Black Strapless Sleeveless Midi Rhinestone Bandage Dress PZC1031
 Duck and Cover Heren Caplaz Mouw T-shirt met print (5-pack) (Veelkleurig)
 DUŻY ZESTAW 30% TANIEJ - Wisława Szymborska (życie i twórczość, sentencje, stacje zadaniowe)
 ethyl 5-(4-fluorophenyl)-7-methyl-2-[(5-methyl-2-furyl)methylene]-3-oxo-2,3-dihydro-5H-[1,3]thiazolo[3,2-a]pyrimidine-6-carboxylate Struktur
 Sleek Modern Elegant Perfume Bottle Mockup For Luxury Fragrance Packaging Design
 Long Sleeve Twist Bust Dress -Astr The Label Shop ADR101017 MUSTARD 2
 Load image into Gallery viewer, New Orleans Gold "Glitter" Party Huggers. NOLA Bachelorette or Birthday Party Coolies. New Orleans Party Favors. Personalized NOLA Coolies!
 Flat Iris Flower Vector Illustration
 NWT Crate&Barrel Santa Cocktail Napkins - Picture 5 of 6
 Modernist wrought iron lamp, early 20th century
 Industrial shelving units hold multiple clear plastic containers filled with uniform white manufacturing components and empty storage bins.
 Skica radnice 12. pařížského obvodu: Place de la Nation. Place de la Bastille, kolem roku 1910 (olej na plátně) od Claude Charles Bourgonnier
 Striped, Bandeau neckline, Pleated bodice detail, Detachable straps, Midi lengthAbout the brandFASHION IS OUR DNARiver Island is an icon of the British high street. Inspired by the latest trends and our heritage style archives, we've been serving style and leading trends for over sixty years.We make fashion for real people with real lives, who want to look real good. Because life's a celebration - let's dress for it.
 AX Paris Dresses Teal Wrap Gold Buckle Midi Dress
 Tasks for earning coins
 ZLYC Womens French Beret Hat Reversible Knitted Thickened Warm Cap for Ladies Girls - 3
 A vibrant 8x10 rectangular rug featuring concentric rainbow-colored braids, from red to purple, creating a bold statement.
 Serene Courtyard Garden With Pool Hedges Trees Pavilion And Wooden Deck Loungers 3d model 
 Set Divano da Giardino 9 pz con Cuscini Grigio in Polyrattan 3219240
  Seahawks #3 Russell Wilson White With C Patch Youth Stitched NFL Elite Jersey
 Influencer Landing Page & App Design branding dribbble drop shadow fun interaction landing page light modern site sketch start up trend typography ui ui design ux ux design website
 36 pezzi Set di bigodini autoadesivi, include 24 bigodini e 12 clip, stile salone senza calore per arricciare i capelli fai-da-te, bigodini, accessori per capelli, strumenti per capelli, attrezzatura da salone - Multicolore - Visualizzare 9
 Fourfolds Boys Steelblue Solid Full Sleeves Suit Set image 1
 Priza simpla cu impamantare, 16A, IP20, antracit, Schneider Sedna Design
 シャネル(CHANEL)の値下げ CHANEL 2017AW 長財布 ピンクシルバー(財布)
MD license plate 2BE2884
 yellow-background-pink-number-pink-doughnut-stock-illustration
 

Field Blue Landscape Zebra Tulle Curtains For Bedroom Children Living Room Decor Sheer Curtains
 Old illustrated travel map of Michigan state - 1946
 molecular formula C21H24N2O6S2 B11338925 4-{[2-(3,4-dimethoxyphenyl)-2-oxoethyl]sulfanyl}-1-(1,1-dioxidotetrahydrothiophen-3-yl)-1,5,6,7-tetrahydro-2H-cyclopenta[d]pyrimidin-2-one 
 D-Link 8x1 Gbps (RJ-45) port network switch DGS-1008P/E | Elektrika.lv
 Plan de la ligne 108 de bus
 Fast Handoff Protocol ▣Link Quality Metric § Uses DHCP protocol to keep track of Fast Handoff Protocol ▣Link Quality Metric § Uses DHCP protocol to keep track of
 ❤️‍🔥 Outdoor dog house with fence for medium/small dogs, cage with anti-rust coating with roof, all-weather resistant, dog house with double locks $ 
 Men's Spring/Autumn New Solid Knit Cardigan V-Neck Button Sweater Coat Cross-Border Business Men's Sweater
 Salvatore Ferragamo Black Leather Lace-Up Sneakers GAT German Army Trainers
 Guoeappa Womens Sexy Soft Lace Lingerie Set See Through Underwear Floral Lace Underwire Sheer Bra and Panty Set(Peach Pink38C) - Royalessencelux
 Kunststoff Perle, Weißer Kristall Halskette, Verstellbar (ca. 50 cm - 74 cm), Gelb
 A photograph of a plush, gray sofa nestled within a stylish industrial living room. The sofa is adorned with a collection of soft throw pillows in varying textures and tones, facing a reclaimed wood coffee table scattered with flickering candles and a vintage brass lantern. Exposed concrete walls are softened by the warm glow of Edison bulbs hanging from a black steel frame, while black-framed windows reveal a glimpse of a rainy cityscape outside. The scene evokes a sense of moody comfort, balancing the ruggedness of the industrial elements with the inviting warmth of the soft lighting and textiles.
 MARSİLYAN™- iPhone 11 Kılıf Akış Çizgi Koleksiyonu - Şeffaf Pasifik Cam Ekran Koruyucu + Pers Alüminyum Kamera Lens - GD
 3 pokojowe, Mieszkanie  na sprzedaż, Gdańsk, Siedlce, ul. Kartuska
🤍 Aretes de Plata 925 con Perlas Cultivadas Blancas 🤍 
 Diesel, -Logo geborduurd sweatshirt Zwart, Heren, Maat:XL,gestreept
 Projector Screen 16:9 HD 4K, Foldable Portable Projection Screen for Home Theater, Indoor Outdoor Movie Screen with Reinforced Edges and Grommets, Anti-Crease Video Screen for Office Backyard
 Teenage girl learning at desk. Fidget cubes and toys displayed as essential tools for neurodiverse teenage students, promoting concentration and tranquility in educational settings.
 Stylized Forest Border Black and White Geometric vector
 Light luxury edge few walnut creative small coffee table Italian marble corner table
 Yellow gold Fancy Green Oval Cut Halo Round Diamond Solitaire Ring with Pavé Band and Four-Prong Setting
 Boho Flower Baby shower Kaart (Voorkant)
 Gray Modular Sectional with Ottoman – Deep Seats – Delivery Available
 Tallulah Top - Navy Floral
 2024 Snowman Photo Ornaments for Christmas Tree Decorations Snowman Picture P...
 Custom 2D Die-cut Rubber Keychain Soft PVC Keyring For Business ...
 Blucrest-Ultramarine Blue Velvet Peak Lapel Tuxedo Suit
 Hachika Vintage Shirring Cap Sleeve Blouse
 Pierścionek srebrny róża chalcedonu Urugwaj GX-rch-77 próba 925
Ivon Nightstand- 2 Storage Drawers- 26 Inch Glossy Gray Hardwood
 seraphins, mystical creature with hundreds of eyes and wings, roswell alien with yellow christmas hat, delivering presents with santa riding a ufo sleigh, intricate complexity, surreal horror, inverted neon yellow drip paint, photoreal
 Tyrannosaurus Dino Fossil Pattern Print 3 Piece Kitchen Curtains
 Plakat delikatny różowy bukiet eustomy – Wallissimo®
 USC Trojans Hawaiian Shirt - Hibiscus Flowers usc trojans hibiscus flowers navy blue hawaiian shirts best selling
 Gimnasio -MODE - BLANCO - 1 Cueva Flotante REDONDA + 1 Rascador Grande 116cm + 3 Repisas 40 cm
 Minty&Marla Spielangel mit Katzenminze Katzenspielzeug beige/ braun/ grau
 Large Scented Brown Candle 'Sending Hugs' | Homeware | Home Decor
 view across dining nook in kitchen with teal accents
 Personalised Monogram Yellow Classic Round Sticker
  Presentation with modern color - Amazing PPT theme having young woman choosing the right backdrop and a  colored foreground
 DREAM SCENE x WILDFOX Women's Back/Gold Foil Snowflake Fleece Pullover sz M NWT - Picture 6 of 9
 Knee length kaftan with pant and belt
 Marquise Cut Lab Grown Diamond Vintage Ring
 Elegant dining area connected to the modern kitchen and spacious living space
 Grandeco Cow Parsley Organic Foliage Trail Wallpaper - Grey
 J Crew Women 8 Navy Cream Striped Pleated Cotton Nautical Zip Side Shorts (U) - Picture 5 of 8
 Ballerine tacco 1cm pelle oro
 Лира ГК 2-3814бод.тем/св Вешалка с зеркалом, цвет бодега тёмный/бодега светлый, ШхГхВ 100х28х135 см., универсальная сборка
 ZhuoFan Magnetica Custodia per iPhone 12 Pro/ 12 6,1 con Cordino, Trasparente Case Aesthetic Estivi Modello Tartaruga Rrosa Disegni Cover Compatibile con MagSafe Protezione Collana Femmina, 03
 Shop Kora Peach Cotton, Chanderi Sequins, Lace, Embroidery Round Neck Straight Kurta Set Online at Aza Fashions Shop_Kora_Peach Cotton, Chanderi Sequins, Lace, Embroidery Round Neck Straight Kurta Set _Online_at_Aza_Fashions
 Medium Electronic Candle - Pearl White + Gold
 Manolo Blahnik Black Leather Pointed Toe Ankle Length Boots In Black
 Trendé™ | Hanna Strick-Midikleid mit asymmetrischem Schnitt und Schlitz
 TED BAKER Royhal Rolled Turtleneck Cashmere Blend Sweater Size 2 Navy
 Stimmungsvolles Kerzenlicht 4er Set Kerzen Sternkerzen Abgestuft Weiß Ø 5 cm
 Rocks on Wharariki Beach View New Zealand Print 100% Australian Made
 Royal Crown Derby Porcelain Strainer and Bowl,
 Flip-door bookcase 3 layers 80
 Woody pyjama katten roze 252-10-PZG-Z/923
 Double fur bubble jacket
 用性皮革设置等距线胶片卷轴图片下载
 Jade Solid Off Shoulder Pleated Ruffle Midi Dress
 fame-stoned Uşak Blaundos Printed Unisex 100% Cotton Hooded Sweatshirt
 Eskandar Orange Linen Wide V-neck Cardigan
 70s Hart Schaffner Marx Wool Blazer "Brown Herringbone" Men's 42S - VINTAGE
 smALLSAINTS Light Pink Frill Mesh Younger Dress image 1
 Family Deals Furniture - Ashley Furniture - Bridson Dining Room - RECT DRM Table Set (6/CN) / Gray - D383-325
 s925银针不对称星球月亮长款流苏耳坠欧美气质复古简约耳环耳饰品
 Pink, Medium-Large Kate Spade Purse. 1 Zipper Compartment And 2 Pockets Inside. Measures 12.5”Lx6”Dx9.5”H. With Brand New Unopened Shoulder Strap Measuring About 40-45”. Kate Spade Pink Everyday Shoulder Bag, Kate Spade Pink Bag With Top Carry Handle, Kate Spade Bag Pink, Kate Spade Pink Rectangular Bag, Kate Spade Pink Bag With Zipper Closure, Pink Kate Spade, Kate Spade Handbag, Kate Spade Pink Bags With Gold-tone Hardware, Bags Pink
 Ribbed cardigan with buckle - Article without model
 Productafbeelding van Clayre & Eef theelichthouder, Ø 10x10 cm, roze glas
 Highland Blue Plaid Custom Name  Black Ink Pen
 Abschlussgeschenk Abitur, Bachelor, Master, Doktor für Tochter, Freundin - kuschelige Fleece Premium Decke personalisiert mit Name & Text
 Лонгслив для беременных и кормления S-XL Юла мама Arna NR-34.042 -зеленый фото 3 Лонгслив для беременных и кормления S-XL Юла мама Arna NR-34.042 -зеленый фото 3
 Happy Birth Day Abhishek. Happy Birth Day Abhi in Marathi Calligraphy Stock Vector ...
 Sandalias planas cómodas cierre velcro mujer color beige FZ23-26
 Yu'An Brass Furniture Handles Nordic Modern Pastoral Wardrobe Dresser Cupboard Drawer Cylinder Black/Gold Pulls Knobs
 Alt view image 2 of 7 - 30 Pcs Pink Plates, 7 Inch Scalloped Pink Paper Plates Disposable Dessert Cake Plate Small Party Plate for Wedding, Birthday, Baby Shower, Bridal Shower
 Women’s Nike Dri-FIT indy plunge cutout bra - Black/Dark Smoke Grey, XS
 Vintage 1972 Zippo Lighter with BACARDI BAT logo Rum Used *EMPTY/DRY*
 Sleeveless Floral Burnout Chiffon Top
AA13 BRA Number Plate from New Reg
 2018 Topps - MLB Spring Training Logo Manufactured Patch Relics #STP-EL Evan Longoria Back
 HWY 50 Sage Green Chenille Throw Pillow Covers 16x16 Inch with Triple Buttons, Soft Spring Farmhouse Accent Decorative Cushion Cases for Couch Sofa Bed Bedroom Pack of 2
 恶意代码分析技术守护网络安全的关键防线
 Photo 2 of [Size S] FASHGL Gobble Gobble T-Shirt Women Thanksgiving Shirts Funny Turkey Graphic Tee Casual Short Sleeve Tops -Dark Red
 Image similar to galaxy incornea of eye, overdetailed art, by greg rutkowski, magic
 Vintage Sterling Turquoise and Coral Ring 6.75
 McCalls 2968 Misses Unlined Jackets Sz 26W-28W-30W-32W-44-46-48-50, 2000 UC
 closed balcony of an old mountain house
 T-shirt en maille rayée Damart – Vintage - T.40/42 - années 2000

- [What you have to do]
Please, from the material above, copy only the lines from the line with "Knee length kaftan with pant and belt" up to and including the line with "Ballerine tacco 1cm pelle oro", exactly as written.

- [Answer to this task]
 Knee length kaftan with pant and belt
 Marquise Cut Lab Grown Diamond Vintage Ring
 Elegant dining area connected to the modern kitchen and spacious living space
 Grandeco Cow Parsley Organic Foliage Trail Wallpaper - Grey
 J Crew Women 8 Navy Cream Striped Pleated Cotton Nautical Zip Side Shorts (U) - Picture 5 of 8
 Ballerine tacco 1cm pelle oro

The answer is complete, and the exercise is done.